**Problem requirements**
Only the lines from the one containing "Vitrine avec dossier" through the last line of the data below belong in your answer, copied exactly and without pictures.

**Entries supplied**
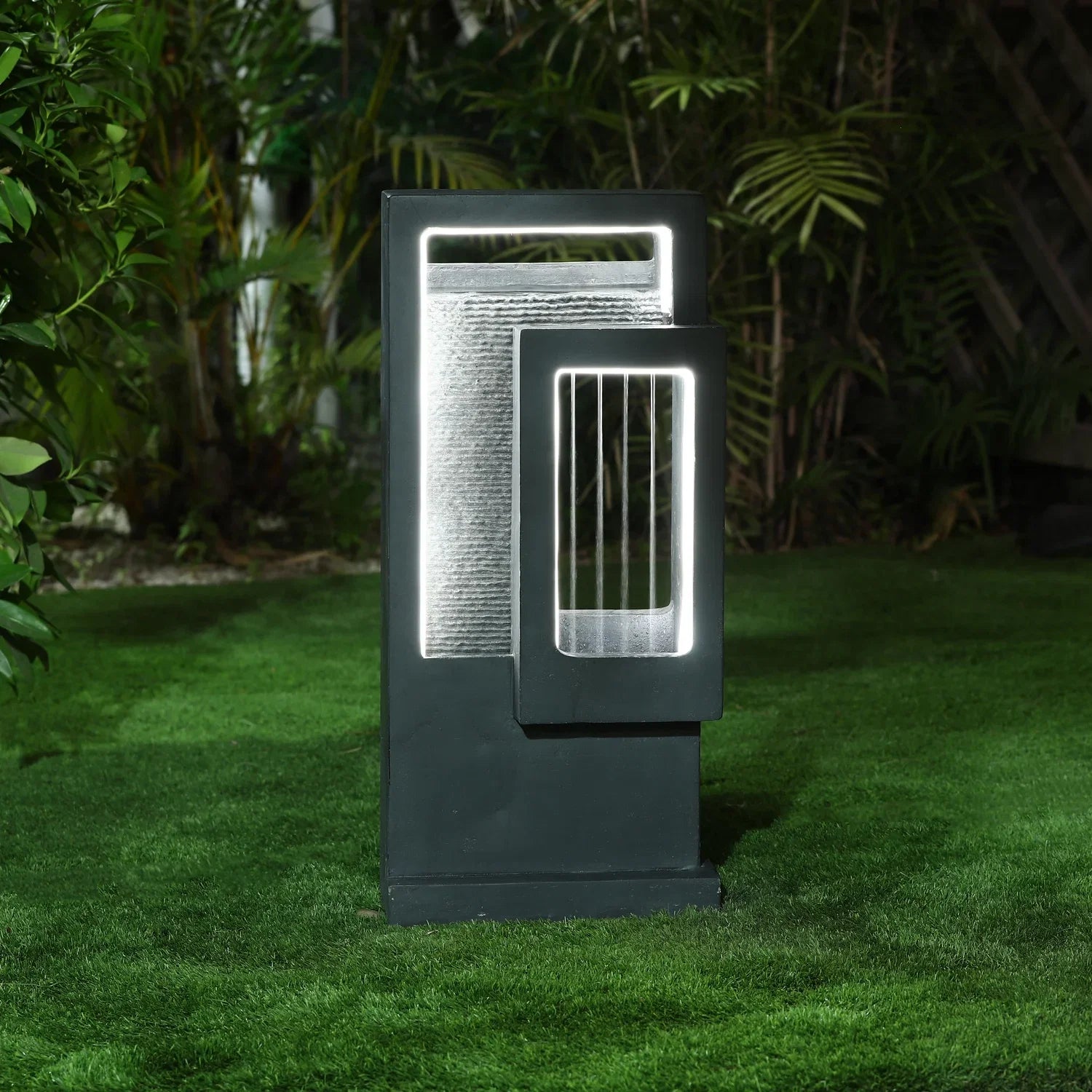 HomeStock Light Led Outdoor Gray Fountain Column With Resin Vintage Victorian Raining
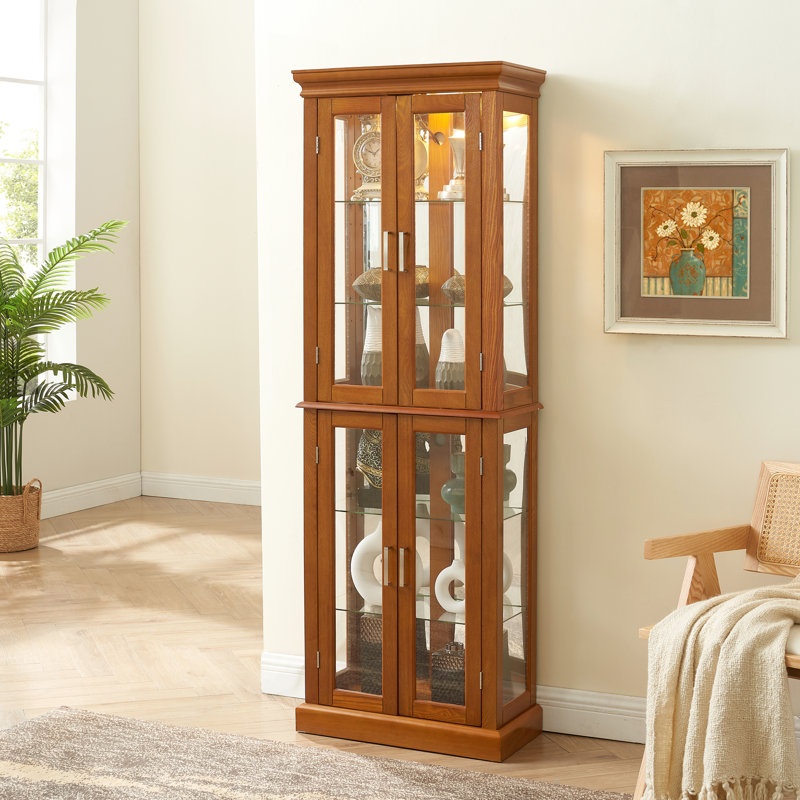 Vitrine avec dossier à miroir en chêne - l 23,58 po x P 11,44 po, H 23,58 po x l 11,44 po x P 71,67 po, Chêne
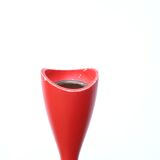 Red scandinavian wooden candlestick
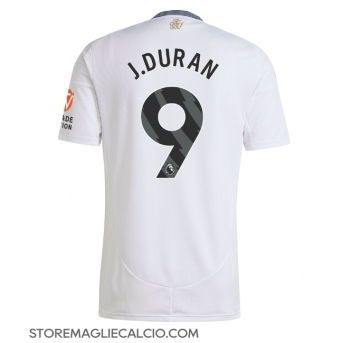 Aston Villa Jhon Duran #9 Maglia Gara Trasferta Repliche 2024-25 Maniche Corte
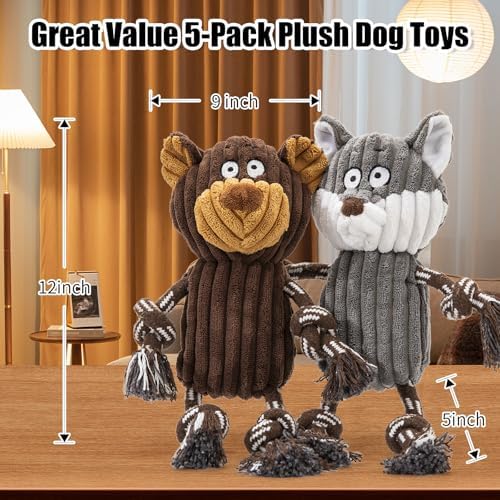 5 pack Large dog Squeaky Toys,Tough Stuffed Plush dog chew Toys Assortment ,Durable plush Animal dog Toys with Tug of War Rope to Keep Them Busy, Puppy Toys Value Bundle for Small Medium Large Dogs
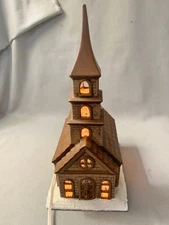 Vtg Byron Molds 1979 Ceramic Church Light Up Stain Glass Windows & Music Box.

**Exercise response**
 Vitrine avec dossier à miroir en chêne - l 23,58 po x P 11,44 po, H 23,58 po x l 11,44 po x P 71,67 po, Chêne
 Red scandinavian wooden candlestick
 Aston Villa Jhon Duran #9 Maglia Gara Trasferta Repliche 2024-25 Maniche Corte
 5 pack Large dog Squeaky Toys,Tough Stuffed Plush dog chew Toys Assortment ,Durable plush Animal dog Toys with Tug of War Rope to Keep Them Busy, Puppy Toys Value Bundle for Small Medium Large Dogs
 Vtg Byron Molds 1979 Ceramic Church Light Up Stain Glass Windows & Music Box.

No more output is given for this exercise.